**The problem**.
Copy each line that contains the string "Casa", taking them from the material.

══════════

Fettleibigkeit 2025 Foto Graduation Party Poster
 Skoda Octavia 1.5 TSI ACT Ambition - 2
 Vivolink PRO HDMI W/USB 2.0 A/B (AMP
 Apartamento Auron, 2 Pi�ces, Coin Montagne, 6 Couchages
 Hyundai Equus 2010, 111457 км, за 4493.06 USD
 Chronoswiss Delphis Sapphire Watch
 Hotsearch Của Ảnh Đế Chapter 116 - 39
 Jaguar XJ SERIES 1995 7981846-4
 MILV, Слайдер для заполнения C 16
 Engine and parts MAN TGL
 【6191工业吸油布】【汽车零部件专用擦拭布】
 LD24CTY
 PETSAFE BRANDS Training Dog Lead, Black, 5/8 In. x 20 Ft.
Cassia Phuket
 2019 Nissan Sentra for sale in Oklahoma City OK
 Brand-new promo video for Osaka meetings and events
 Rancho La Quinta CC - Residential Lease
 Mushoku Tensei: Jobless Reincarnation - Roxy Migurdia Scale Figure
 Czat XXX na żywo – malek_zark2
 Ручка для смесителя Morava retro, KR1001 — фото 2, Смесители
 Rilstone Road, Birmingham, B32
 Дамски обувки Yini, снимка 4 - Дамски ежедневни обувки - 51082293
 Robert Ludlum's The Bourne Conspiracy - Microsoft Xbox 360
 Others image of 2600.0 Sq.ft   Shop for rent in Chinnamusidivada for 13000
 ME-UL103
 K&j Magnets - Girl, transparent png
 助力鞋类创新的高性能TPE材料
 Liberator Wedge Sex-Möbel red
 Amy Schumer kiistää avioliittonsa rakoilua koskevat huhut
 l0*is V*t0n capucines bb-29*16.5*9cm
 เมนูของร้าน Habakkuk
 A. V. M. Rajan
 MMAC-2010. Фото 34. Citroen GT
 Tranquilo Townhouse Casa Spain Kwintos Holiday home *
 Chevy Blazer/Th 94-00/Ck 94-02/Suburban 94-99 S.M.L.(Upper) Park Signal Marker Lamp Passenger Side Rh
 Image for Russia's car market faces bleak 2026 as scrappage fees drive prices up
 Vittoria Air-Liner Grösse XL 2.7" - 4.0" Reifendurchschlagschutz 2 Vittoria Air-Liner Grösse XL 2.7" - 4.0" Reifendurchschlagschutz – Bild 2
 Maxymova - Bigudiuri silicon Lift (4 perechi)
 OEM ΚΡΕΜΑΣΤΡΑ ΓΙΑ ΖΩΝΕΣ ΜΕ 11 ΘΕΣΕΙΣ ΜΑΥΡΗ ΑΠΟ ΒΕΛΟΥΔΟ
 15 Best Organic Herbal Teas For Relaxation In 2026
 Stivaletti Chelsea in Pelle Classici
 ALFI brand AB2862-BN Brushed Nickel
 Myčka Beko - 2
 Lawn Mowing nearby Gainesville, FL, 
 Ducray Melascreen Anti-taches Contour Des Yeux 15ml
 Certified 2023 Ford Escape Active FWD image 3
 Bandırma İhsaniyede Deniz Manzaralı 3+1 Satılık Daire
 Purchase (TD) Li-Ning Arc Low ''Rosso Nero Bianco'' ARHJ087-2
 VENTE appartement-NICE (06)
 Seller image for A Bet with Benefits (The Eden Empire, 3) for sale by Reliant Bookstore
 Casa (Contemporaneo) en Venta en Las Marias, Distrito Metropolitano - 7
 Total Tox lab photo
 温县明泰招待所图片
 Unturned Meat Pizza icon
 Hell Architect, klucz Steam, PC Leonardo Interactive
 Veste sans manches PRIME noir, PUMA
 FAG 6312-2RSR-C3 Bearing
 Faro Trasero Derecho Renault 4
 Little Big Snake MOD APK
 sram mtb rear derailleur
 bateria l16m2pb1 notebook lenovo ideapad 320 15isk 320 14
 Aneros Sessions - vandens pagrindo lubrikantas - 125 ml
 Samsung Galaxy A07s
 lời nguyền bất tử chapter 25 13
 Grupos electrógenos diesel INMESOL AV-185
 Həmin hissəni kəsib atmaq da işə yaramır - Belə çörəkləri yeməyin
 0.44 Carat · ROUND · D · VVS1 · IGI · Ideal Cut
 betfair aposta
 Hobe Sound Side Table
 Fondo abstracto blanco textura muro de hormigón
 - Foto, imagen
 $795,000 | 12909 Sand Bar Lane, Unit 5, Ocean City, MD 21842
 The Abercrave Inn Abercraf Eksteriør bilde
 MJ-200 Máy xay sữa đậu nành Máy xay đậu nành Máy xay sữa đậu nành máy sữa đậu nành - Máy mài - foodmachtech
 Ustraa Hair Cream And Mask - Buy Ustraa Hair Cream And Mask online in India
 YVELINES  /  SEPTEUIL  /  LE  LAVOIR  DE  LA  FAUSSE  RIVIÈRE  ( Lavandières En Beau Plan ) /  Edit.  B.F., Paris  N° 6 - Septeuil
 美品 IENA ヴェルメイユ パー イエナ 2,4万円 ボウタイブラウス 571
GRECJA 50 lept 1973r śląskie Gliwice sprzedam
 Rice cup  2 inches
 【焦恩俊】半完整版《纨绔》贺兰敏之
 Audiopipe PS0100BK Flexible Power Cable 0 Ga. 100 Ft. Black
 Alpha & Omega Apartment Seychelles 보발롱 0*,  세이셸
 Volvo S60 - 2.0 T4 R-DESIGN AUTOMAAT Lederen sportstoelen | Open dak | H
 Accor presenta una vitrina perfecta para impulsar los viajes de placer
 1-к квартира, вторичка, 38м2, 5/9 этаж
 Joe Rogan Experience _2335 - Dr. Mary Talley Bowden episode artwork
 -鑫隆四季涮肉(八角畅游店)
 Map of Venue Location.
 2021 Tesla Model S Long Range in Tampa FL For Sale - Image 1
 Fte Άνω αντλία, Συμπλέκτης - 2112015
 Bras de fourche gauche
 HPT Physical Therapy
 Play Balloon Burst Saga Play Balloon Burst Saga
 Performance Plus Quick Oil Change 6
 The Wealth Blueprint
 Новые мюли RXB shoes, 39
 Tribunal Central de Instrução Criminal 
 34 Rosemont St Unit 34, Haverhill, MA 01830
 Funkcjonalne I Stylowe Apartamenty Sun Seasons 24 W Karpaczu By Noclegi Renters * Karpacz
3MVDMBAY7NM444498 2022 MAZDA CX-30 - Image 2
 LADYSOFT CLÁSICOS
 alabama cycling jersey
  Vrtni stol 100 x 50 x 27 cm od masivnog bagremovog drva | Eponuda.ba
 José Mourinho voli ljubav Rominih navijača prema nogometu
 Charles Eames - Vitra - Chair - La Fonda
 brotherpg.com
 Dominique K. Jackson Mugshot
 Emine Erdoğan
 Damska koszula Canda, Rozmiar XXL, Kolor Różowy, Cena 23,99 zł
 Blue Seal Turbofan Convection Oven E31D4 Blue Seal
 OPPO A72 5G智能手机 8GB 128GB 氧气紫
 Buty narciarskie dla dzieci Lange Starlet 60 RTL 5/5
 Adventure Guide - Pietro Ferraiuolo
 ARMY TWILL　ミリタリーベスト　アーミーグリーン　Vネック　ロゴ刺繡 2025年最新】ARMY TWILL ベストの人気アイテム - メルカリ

══════════

**Exercise solution**.
 Tranquilo Townhouse Casa Spain Kwintos Holiday home *
 Casa (Contemporaneo) en Venta en Las Marias, Distrito Metropolitano - 7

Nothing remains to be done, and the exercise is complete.